“Load balancing FTP can be loads of fun for system and network administrators alike!” - said nobody ever.
Implementation of FTP and configuration of your firewalls can be cumbersome, especially when it comes to being secure during your file transfer. The downside to an FTP connection is that the data is generally sent as plain text (usernames and passwords included), and that’s just not acceptable in this day and age. It’s all about security, security, security!
So what options do we have to ensure that our FTP connections are secure? Enter FTPS (file transfer protocol SSL), with a choice of two modes: FTPS implicit and FTPS explicit.
Let’s start with implicit FTPS
When an implicit FTPS connection is started, an SSL connection is instantaneously established over the default port of 990 prior to being granted access to the FTP server. If a secure connection cannot be made then the connection is dropped.

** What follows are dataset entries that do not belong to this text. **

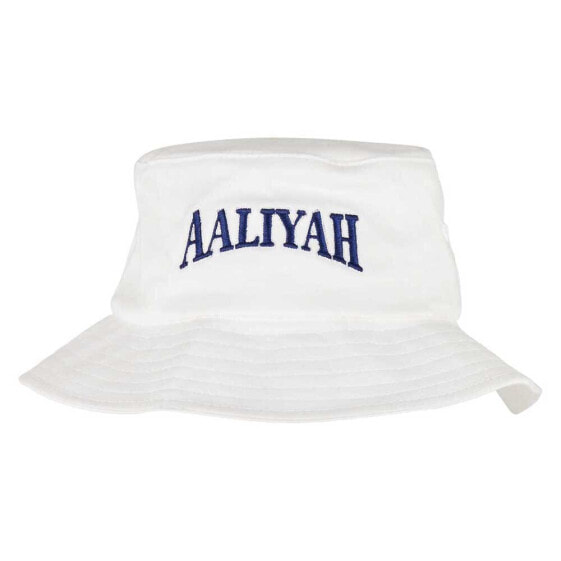 MISTER TEE Aaliyah Logo hat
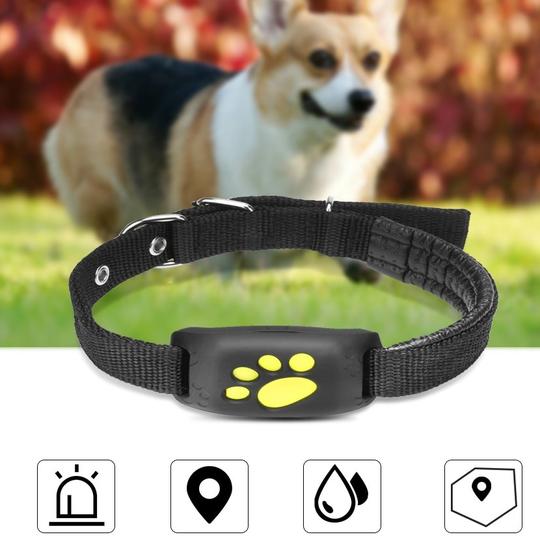 GPS Pet Tracker features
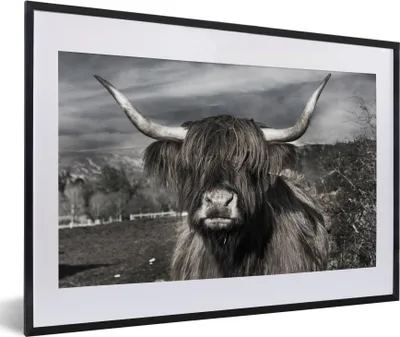 Produktbild von MuchoWow® Gerahmtes Poster Schottischer Highlander - Tiere - Hörner 60x40 cm - Poster mit Schwarzem Bilderrahmen Wandposter Rahmen Foto Bilder - Schlafzimmer - Plakat in Rahmen - Drucken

Although implicit FTPs is more stringent than explicit mode, it has now been deprecated. Some legacy systems may still make use of it, hence it still being around.
Next we have explicit FTPS
Initiating an explicit FTPS connection is very similar to an unencrypted FTP connection, in that the standard port 21 is used for both methods. The difference is that prior to the connection prompting for a login, the unencrypted connection is upgraded to a secure SSL connection over port 21. Essentially FTPS explicit is FTP requesting to STARTTLS before the connection is granted access to the FTP server.
Explicit FTPS grants users the ability to determine whether their data is forwarded unencrypted - all of the data, or specific items such as usernames and passwords. Additionally, you can configure explicit FTPS to outright drop insecure connections or fallback to the standard FTP protocol, as it’s also using port 21.
How do you load balance implicit and explicit FTPS?
- Create a layer 7 virtual service via the Webui > Cluster Configuration > Layer 7 Virtual Services > Add a new Virtual Service
- Label the VIP appropriately in the case FTPS_VIP
- Enter the appropriate IP address that you wish to use as the VIP. In this example I am using 192.168.86.87.
4.Enter ports 21 for explicit FTPS, 990 for implicit FTPS, and finally your passive port range; in this case 1025-1052.
- Select TCP mode as the layer 7 protocol
- Click update
- Next add the real FTP servers to the VIP cluster
- Enter the name of the real server FTP_SVR1
- Enter the IP address of the real server 192.168.86.50
- Click update
- Add any remaining FTP servers to the VIP cluster.
- Reload HAproxy to commit the configuration
- Next we need to configure our real servers to accept incoming requests from the VIP using the provided passive ports 1025 - 1052. (Please also ensure that you have allowed your firewall to accept TCP traffic on ports 21 and 990).
- On the real server open IIS Manager and on the top level server go to FTP Firewall Support.
- Enter your passive port range 1025 - 1052 and click apply
- Click on the FTP site (in this example it is the Default FTP Site) and select FTP Firewall Support. Enter the VIP address we are using on the load balancer 192.168.86.87 and click apply.
Enter the VIP address we are using on the load balancer 192.168.86.87 and click apply.
Next we need to edit our site bindings to listen to the VIP and ports 21 and 990 that we have configured on the load balancer.
- We need to restart the IIS server at the top level via Actions > Manage Server > Restart
- Finally we need to restart the FTP service to ensure that the configuration is now committed.
- All that is left to do now is test that we can connect to our FTP servers via the load balancer. I will be using Winscp for my client in this test.
So there we have it: we’ve proven that FTPS implicit and explicit can be load balanced and all in one encompassing VIP. Happy days!
However there is one thing to be aware of
SSL offloading for explicit FTPS is not supported by HAproxy and therefore is not a recommended configuration. The reason for this is that explicit FTPS requires STARTTLS meaning that the connection starts as clear text and then upgrades to TLS. To be compatible with STARTTLS you will need to use the TCP mode configuration.